COLUMBIA, SC — Retailers brace themselves to face the enthusiastic shoppers who stand in long lines before swarming stores on the busiest shopping day of the year, Black Friday. On New Year’s Day, Lizard’s Thicket, the family-owned restaurant, will have its own version of Black Friday.
“It’s by far our biggest day of the year,” said Bobby Williams, Lizard’s Thicket’s chairman. “There will be lines at every restaurant. Even though we’ll sell all of our vegetables, the black-eyed peas and collards are our main ones.
“It’s pretty incredible.”
Lizard’s Thicket, which begins celebrating its 35th anniversary in January, owns 15 restaurants that serve a variety of country-cooked meals. But waitresses don’t need to bother with the menu on Jan. 1, at least for the side dishes.
Southern tradition dictates — some would go as far as saying it mandates — that collard greens and black-eyed peas be eaten on New Year’s Day. The collards, according to custom, resemble folded money, and the peas are symbols of coins. Add pork for good luck, and you’ve got the makings of a prosperous New Year.
On the first day of 2012, Lizard’s Thicket sold 8,215 orders of collards and 8,112 orders of black-eyed peas. The totals, which will include the store in Florence that opened in September, are expected to rise.
On a regular day at the Lizard’s Thicket on Beltline Boulevard, for example, three or four boxes of collards are cooked. On New Year’s Day, 30 boxes are prepared, according to Williams.
On a recent morning, Williams opened a box of fresh collards from WP Rawl, a Pelion farm. The greens were already cut with the soil grit washed off. Separating the leaf from the central rib can be a laborious task if done at home.

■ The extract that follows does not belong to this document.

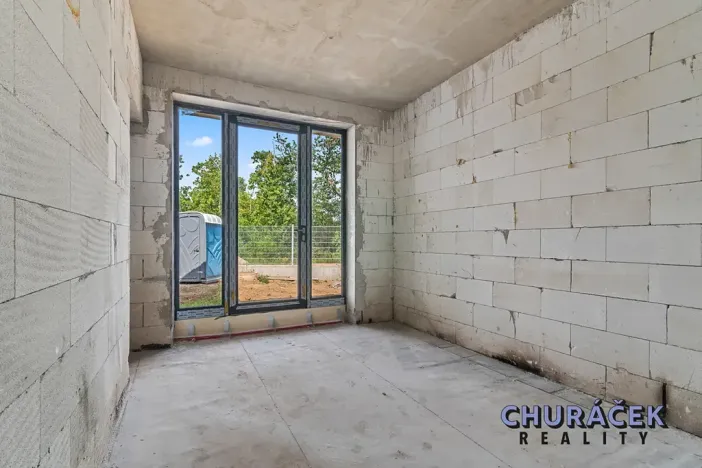 Prodej pozemku pro bydlení, Praha - Velká Chuchle, Na hvězdárně, 1262 m2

“You want to smell them,” Williams asked, holding up a handful.
The smell of collards boiling can be powerfully odorous, permeating a house for hours after they’ve been served, which is why some order pans from Lizard’s Thicket to add to an otherwise home-cooked New Year’s meal.
The Lizard’s Thicket collards recipe is rather simple. The leaves are seasoned with salt, pepper and sugar — and hog jowls, which look like thick slabs of bacon, to give the greens a smoky flavor. Add water, and it takes about an hour for the collards to cook until darkened and tender.

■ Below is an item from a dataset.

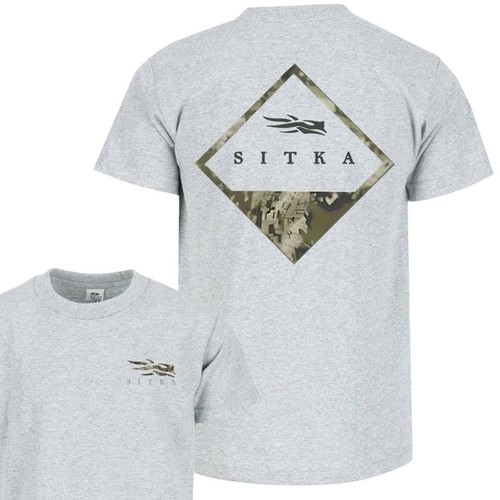 Sitka optifade badge - sitka,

The cooks at Lizard’s Thicket started prepping this weekend. Jan. 1 has been the busiest day for the chain since the mid-1990s, when it surpassed Mother’s Day, said Mark Williams, the company president and Bobby Williams’ brother. The restaurants will open at the usual time of 6 a.m., but the rush for collards and black-eyed peas typically doesn’t begin until around at 11 a.m. And the orders are steady for the next 10 hours.

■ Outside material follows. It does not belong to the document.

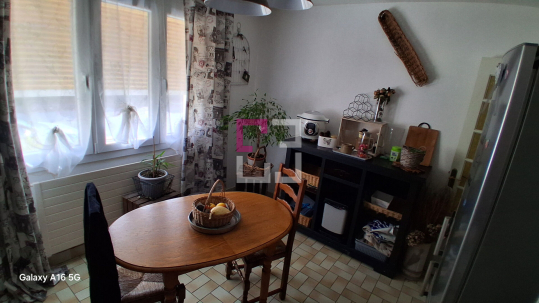 
Maison Proisy 3 pièce(s) 75 m2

“Until closing” at 9 p.m., Mark Williams said.
Diners, particularly football fans, might want to engage in a bit of gamesmanship if they are planning to eat their collards at Lizard’s Thicket. The University of South Carolina plays the University of Michigan in the Outback Bowl at 1 p.m. on New Year’s Day, which means the late-afternoon crowd could be thicker than usual.